Slice of Indian Life Lacks Compelling Story

I think Karan Mahajan's family planning (c) 2008 is a very realistic farce, but it was hard for me to be sure just what the author was trying to convey at times...fortunately, his prose was pleasing enough to keep me reading through some of the rough spots in this, his first book.

The HarperCollins website offers a lovely synopsis of the book, so I won't try to duplicate it. In a nutshell, family planning is set in modern Delhi, featuring the large and ever-expanding Ahuja family. Father Rakesh, utterly disappointed in his (deceitfully) arranged marriage, finds he is, thankfully, attracted to his wife - but only when she is pregnant. Ergo, the couple has produced thirteen children and Mrs. Ahuja is pregnant again as the book begins.

Fifteen-year-old Arjun is the only one of the children we get to know, following the teen drama of his crush on the girl who rides his bus, his attempt to form a band explicitly to impress said girl, and Arjun's utter despair when he realizes that he can never have the band over to his house to practice, as he's unable to admit to his friends that he has twelve siblings, not six, as he's always maintained.

Ah, adolescence.

Ironically (and comically) Rakesh's antics at work are as juvenile as his son's high school foibles. But again, it's hard to say whether that comparison was intended by the author, or not.

One of my frustrations with this book is that Mahajan seems to have a lot of talent, but instead of showcasing his best talents in this book, he chose to give us a collage.

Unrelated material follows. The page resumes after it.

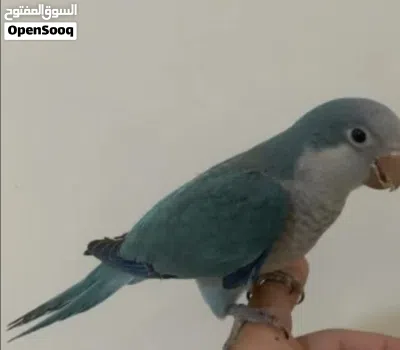 ببغاء كويكر متكلم وأليف 3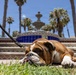 Mascot Monday Bruno at Kilo Company Family Day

Mahajan drops readers into modern India on every page, with descriptions of unfinished flyovers, political corruption, plates of chappati. He drops humor into the mix too, with running gags about Mr. Ahuja's hearing problem and Mrs. Ahuja's pronoun usage. (Mrs. Ahuja rarely uses her children's names; instead, she's constantly saying, "tell him to come here" - which is both confusing and useful in a house with 13 kids.) But at odd spots - sometimes in the middle of one of those gags - the author stops to jab the reader with savvy but melancholy observations on love and marriage and the lives lost in between. At such a spot, however, when the jerky pace annoys, Mahajan's well-crafted narrative soothes.
He knew nothing about this woman, this wife of fifteen-odd years. Vague details, yes--the tough jackfruits of her elbows, the sullen hump of her jaw, the bulbous nose she had proudly passed on to each child except Arjun...a fierce protection of her Right to Eat at the table--but nothing more. He twisted and turned in his head the Rubik's cube of domestic details and arrived at no sustainable patterns. His mind was a drawer rummaged of all its contents.
- p 228

family planning had its merits, but unlike some reviewers, I'm not completely smitten with Mahajan's storytelling. His insight is delightful, and he has a tendency to surprise with it, rather than with plot twists or tension between characters. The lack of external conflict was disappointing to me.

family planning is so ripe with potential clashes among its many unique characters that every chapter seemed ready to burst. It never did. You might enjoy it anyway. I did.